Williams "most likely" was shot over a drug debt, Blaskiewicz said. The gunman "thought the little girl saw too much" so he went upstairs and strangled her, Blaskiewicz said. Henry Hughes, 55, who lived in the unit downstairs from the family, was charged the next day with two counts of first-degree murder in their deaths.
St. Louis police showcase the current clearance rate in boldface type on its public portal, which updates each day with the year's total homicide tally. Based on numbers provided by the department, year-end clearance rates since 2015 have ranged from the 30s to the 50s.
"Keep in mind," Blaskiewicz said, "the volume of cases facing the Detective Bureau has a lot to do with the clearance rate in any given year."
In 2020, when the number of homicides in the city ballooned to 263, the homicide commander that year, Lt. Scott Aubuchon, said each of his detectives was juggling about twice as many cases as FBI guidelines suggest. Aubuchon said killings typically are solved months later, and his detectives were still solving cases from the previous year.

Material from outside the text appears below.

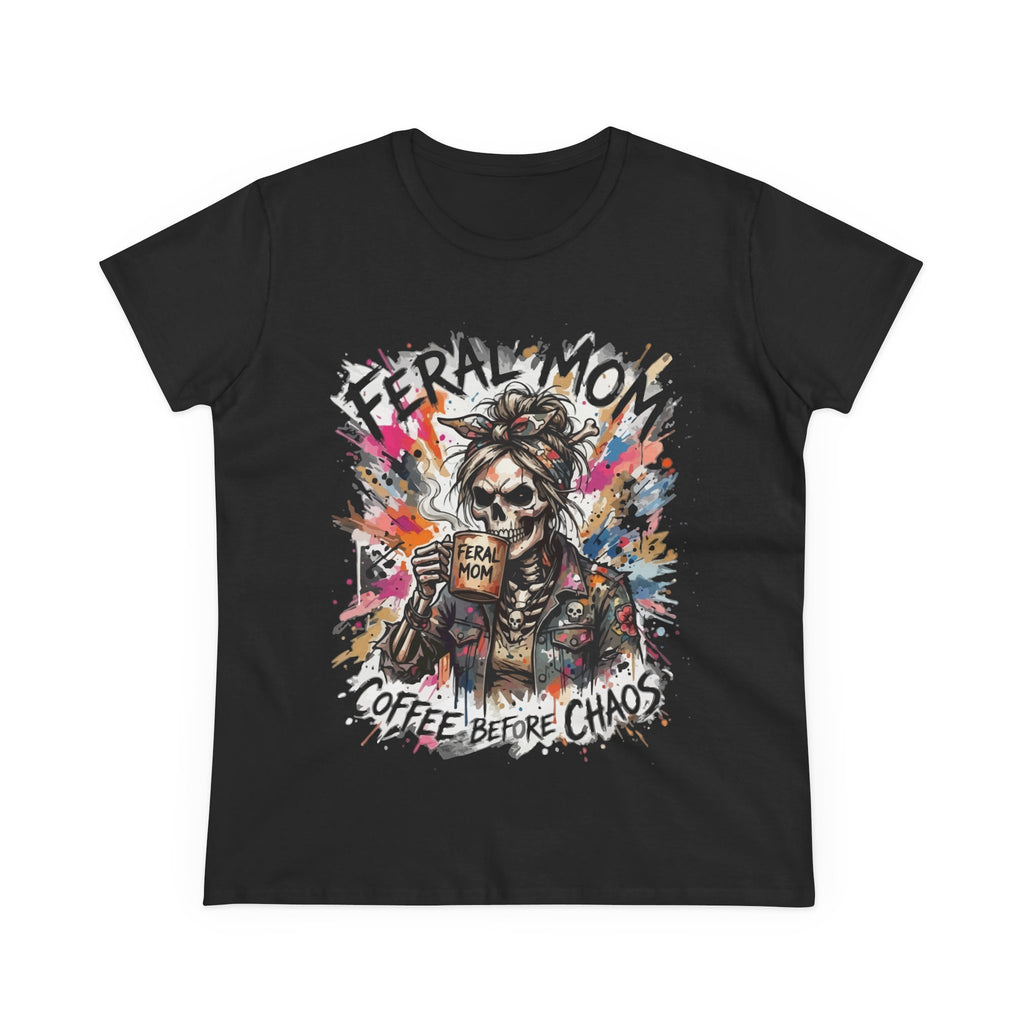 Feral Mom T-Shirt — "Coffee Before Chaos" Graphic Tee for Busy Moms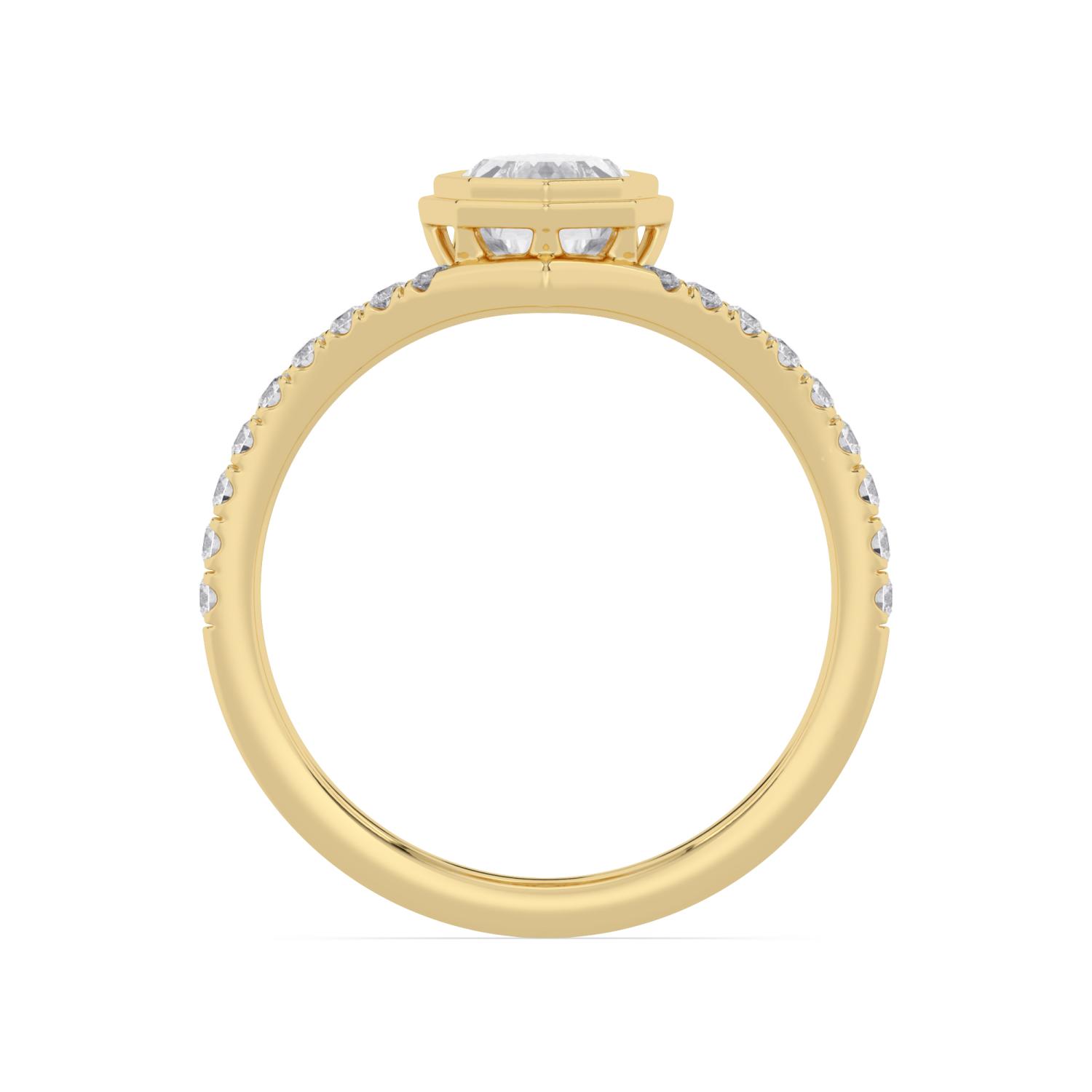 Gabriela, Step Cut Pear Bezel, Pavé Chevron Band in Yellow Gold, pear, plain background, alternate view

Blaskiewicz, the city's current homicide commander, normally sits down with detectives in the afternoon to discuss specific cases. But the mornings are for numbers. He makes sure commanders get the latest data, and that captains know the basics about the murders in their districts.
"My aide is looking at them just as strong as I am on a daily basis," Blaskiewicz said. "It's constant."
One morning in late May, Blaskiewicz was finalizing a memo to his commander asking to add a couple of detectives and change up their work schedules. He said the bulk of the work in a homicide investigation happens during the day as officers seek medical records, autopsies and search warrants.
"It's easier to get things done during the day," Blaskiewicz said. "So we're trying to put investigative teams at a minimum amount of manpower in the evening so we can have a maximum about of manpower in the day to investigate these crimes."